Quality early learning is a powerful poverty-fighting tool that helps narrow achievement gaps among children. Researchers spend a lot of time focusing on those gaps in preschool, but there is not much work on these divides in babies and toddlers, a new report says.
A Child Trends report begins to change this with a study of data on 11,000 children that shows the achievement gap - differences in cognitive skills, behavior and health – actually shows up as early as nine months.
Researchers discovered many of these gaps widened by the time children were two years old. Poverty and low education among mothers were the two most prevalent risk factors, though they found gaps in two other demographic areas: racial/ethnic minority status and non-English home language.
This is a major finding for the early learning community because it’s further evidence of the importance of quality infant and toddler care. If the achievement gap starts so early, quality child care has to start as early.

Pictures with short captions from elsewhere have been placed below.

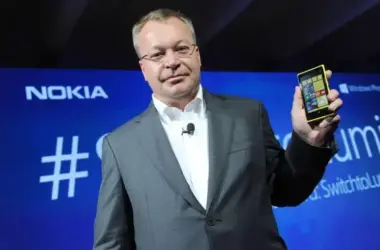 700 stephen elop with nokia lumia920 04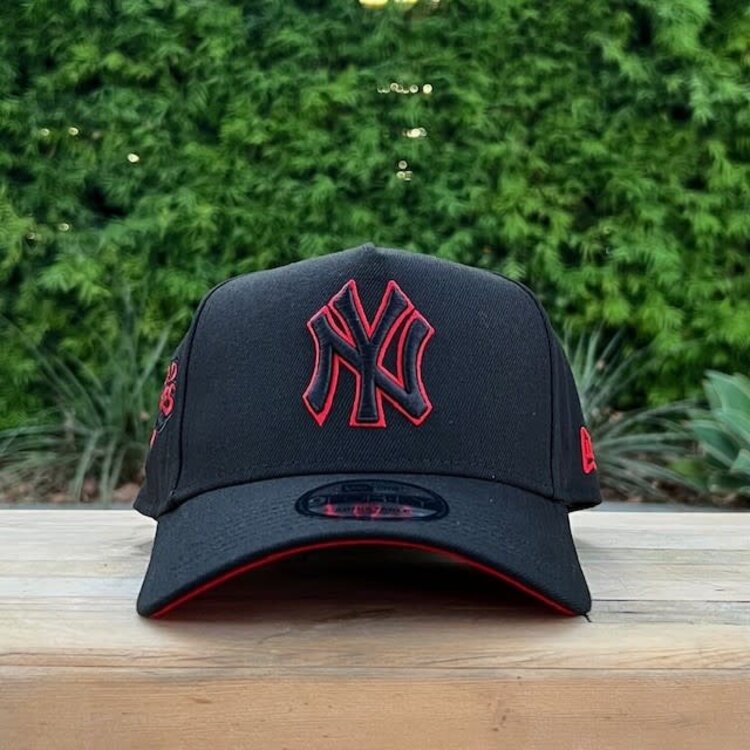 New Era NY Yankees Black Red Outline 2009 WS Red UV 940AF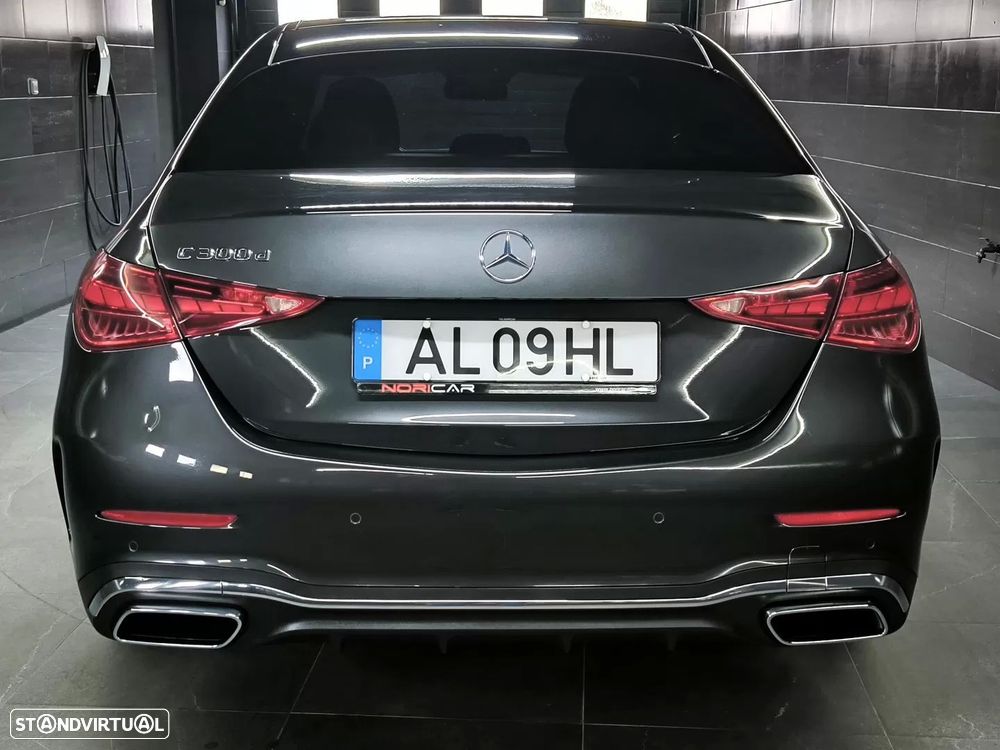 Mercedes-Benz C 300 d AMG Line - 15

This important study underscores a key truth: if a price tag could be put on future workforce productivity in our country, the growing number of children in poverty is very expensive. Very soon, the line of credit we have been using by not investing wisely in children from an early age is going to bankrupt us, – Marian Wright Edelman, head of the Children’s Defense Fund, wrote at Change.org on Friday, “Leaving the Littlest Ones Behind.”
The report also offers ideas on how to deal with these early achievement gaps, and one of them is “Improve the Quality of Early Care Settings.”
Two promising ways to address the quality of early care environments would be to focus on curriculum development and professional development within both home-based and center-based settings that serve infants and toddlers. – “Disparities in Early Learning and Development: Lessons from the Early Childhood Longitudinal Study – Birth Cohort.
The report was released by Child Trends last summer and funded by the Council of Chief State School Officers. It is worth checking out.